Which of the lines in the records below hold the string "Science"? Copy every one of them.

*** GIVEN DATA Section Begins ***

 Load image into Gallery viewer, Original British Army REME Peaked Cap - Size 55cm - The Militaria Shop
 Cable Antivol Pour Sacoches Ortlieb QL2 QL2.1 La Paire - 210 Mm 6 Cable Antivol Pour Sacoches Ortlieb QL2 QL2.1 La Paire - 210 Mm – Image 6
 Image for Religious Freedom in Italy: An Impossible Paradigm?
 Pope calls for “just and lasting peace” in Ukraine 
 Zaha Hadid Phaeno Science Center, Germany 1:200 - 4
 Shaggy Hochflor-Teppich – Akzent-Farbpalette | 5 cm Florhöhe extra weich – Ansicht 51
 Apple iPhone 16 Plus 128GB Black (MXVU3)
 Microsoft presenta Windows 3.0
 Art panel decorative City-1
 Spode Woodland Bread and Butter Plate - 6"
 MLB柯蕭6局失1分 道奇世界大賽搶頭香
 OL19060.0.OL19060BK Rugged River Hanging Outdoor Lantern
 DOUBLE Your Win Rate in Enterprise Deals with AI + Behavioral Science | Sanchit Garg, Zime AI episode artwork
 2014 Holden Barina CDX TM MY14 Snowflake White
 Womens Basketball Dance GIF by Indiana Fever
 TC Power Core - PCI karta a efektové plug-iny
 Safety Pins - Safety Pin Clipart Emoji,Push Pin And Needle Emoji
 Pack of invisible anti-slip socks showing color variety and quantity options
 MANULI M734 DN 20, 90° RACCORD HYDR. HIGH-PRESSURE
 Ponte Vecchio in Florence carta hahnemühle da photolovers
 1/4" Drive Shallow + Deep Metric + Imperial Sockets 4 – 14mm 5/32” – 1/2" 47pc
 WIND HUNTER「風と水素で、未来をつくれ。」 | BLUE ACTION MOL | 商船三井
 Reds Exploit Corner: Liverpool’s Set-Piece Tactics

*** GIVEN DATA Section Ends ***

ANSWER TO THE PROBLEM:
 Zaha Hadid Phaeno Science Center, Germany 1:200 - 4
 DOUBLE Your Win Rate in Enterprise Deals with AI + Behavioral Science | Sanchit Garg, Zime AI episode artwork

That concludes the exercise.